Comme le suggère la conclusion de l’ouvrage, le dossier des
snuff movies présente une forte
analogie avec celui des vols d’organes, fort bien étudié par Véronique
Campion-Vincent
[1]. Dans
les deux cas, il n’y a aucune preuve tangible de l’existence du phénomène. Les
snuff movies comme les vols d’organes
exploitent le même thème du corps et de la vie humaine comme marchandises.
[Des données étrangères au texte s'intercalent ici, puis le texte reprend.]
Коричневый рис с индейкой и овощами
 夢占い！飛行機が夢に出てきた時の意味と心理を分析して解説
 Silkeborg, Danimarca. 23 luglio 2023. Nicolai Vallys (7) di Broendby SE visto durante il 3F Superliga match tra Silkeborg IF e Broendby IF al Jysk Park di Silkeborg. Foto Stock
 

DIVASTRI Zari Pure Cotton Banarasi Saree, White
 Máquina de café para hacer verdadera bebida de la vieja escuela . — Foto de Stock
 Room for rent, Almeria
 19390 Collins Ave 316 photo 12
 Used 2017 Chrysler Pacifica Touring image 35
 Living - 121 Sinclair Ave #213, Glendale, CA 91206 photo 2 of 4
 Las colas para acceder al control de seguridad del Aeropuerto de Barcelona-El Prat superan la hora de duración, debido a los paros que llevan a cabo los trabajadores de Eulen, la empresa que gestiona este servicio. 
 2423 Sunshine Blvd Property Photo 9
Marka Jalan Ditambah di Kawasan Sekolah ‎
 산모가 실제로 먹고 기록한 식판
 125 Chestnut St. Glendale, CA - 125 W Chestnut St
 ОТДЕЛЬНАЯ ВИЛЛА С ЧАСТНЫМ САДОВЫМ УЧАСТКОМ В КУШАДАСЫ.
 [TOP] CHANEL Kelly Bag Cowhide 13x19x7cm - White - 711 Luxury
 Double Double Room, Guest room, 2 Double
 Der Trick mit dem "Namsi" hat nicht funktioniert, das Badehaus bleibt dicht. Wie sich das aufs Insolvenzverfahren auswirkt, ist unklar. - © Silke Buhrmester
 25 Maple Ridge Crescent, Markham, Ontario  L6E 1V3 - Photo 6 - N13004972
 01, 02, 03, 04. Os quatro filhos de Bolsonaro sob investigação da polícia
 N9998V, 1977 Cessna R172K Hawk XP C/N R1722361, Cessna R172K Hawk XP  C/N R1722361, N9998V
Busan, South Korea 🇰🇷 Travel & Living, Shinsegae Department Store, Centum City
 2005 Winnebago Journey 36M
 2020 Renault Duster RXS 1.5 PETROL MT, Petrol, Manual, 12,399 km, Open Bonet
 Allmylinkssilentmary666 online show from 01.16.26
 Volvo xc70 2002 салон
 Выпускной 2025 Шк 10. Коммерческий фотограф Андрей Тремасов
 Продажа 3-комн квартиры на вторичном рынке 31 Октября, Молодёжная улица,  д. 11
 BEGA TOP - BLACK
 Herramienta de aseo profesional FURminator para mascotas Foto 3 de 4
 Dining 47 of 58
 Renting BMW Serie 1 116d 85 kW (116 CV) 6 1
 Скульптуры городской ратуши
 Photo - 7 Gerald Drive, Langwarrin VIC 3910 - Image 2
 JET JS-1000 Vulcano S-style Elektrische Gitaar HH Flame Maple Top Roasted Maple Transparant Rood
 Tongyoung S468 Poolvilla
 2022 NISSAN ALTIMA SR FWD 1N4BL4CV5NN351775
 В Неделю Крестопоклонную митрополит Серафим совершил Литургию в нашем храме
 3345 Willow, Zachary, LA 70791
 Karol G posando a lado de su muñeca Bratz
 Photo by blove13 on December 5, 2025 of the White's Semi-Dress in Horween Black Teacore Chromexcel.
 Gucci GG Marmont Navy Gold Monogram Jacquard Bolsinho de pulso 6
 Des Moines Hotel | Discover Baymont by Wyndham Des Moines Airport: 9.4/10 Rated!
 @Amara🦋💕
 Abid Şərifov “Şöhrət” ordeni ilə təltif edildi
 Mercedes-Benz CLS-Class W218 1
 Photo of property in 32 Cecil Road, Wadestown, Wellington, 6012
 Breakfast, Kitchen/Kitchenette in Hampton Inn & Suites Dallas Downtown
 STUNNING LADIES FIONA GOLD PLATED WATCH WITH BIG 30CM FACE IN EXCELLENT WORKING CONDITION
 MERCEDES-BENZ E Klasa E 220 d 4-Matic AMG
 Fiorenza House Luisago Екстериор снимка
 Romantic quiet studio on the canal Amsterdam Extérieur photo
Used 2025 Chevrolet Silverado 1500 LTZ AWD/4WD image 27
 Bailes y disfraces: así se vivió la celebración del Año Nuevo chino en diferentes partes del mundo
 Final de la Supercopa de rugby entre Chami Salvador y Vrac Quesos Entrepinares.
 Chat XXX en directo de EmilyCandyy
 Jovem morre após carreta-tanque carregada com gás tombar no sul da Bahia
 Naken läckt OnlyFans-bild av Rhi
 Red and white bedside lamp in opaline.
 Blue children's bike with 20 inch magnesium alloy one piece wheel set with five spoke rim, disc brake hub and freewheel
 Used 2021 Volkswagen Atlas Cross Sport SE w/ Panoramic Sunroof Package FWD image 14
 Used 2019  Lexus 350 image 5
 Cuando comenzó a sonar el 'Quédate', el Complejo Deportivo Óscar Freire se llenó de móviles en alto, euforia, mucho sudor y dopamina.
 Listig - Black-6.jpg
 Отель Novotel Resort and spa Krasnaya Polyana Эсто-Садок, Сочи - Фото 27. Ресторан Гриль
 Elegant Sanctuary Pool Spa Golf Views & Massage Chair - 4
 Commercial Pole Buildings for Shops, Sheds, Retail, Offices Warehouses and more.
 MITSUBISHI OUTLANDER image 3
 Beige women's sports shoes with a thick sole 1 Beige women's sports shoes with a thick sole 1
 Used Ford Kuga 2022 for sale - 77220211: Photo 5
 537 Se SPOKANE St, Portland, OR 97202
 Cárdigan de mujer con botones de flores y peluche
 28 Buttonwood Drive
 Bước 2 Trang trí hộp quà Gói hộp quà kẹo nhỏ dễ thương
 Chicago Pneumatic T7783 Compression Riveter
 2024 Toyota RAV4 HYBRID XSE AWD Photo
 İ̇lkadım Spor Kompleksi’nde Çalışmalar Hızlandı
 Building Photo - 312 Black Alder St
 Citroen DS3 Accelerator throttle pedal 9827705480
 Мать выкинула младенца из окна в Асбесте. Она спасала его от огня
Les
deux mythes se sont formés à partir d’éléments réels qui ont été amalgamés et
extrapolés : l’existence réelle des trafics d’organes, jointe aux phénomènes de
violence urbaine, a donné naissance au motif du vol d’organe, tandis que
l’existence d’une industrie de films
gore et pornographiques, rapprochée des vrais «
films-souvenirs » des tueurs psychopathes, a suscité l’idée des
snuff movies. Enfin, on observe le
rôle joué par des associations militantes dans l’émergence et la diffusion des
mythes urbains : groupes progressistes et tiers-mondistes dans le cas des vols
d’organes, qui constituent la forme extrême de l’exploitation des pays pauvres
par les pays riches ; groupes antipornographiques et féministes dans le cas des
snuff movies, qui représentent le
comble de la pornographie et de l’assujettissement de la femme.
Parce que les phénomènes que suggèrent les
snuff movies sont, sous une forme
extrême, ceux-là même qui traversent nos sociétés contemporaines – sexe,
violence, argent, voyeurisme, confusion de la fiction et de la réalité –
l’ouvrage de Sarah Finger est une contribution précieuse non seulement à
l’étude des rumeurs et des légendes urbaines mais aussi à la sociologie du
temps présent.
Jean-Bruno RENARD
Université de Montpellier III
[1]
V. Campion-Vincent,
La légende
des vols d’organes, Paris, Les Belles Lettres, 1997, 303 p.